Given the topic, the article provides predictable variations of common platitudes: "Guns (quantifying risk) don't kill people, people (dumb risk management) kill people," and "Those who ignore the lessons of history are bound to repeat it (particularly if you only use 2 years of data as a basis for your VaR calc)."

I couldn't help but notice how much the article echoes the debate about the degree of risk versus uncertainty present in financial management, and what to do about it. In fact, one way to look at the position of people like Taleb/Mandelbrot is that the uncertainty about which Dr. Knight wrote in his 1916 dissertation is really the driving force behind socio-economic variable movement and as such, if you're going to do any modeling, fractals are your best only choice. They argue fractals and power laws are the only things that give you a prayer of appreciating the potential magnitude out in the tails of the uncertainty.

I think the article properly highlighted one VaR shortcoming that has been reasonably well-known but under-addressed, "[VaR] failed to distinguish between leverage that came from long-term, fixed-rate debt…and loans that can be called at any time and…blow you up in 2 minutes." Coincidentally this is highly germane to my disagreement with Dr. Black, and perhaps even the mindset behind a lot of quant training.

I wish there was a bit on behavioral finance. The author hints at that quoting a risk manager, "It has to do with the human condition. People like to have one number they can believe in." It might've been nice if he touched on concepts like availability bias, overconfidence, and herding as additional contributors to the problem.

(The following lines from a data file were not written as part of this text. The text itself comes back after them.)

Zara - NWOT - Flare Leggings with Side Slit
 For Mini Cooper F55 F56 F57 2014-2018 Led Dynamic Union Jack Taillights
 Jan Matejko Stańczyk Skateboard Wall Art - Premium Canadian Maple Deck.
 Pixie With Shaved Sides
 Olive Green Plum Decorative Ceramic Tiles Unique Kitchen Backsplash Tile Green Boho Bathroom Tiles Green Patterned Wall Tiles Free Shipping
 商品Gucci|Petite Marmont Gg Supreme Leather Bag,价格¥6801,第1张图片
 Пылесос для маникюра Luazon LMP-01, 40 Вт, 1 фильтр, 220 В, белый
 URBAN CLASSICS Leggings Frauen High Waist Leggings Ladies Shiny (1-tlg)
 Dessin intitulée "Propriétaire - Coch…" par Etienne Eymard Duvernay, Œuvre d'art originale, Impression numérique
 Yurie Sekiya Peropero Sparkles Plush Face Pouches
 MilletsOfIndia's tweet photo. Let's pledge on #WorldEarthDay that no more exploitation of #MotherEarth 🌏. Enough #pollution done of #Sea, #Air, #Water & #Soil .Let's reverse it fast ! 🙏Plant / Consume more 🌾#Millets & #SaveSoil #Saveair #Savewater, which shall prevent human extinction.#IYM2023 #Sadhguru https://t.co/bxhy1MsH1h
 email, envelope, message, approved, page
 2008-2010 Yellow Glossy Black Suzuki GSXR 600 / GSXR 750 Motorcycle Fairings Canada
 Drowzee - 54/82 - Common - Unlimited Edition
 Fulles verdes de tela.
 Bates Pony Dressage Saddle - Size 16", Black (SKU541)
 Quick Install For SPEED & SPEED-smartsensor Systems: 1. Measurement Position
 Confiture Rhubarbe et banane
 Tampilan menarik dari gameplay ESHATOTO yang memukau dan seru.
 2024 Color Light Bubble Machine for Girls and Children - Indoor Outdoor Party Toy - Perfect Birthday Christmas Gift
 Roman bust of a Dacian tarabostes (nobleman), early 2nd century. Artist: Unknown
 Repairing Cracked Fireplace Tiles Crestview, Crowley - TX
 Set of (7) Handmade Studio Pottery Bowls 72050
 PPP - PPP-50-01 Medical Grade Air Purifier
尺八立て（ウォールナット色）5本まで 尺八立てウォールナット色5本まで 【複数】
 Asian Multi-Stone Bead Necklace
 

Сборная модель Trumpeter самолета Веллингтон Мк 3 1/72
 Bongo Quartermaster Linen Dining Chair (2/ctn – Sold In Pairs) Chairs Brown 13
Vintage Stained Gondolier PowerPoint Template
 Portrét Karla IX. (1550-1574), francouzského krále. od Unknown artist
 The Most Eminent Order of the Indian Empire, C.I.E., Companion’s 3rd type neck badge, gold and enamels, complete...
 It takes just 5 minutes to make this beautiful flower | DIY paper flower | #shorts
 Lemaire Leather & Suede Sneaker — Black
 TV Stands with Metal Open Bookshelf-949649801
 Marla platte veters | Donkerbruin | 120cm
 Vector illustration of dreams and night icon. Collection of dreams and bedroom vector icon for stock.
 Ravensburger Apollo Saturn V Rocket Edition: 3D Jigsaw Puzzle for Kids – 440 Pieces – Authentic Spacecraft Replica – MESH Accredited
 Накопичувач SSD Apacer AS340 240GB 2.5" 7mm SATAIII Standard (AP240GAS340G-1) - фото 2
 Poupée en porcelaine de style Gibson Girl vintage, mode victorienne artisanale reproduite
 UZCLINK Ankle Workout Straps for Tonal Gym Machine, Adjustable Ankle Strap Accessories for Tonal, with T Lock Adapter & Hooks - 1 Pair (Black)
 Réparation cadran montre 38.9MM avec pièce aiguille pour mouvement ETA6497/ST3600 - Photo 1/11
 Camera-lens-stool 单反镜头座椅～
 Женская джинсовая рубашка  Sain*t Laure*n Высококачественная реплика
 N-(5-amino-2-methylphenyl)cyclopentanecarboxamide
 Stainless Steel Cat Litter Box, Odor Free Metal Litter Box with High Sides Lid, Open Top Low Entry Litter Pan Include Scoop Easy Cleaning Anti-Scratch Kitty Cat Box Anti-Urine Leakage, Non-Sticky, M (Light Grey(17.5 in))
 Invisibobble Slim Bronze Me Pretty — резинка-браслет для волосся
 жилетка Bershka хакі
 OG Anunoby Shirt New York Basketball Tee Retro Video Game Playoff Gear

What ramifications this all has for future policy is anyone's guess. In the end, we are still doing this democratic/capitalist experiment and it doesn't appear we're in any danger of getting it *right* anytime soon.

Of course, I'm sure some risk managers out there reveled in one of the author's concluding and resigned ruminations, "Maybe it would have been better if the people in charge had a better understanding of risk." I suppose that would've been nice.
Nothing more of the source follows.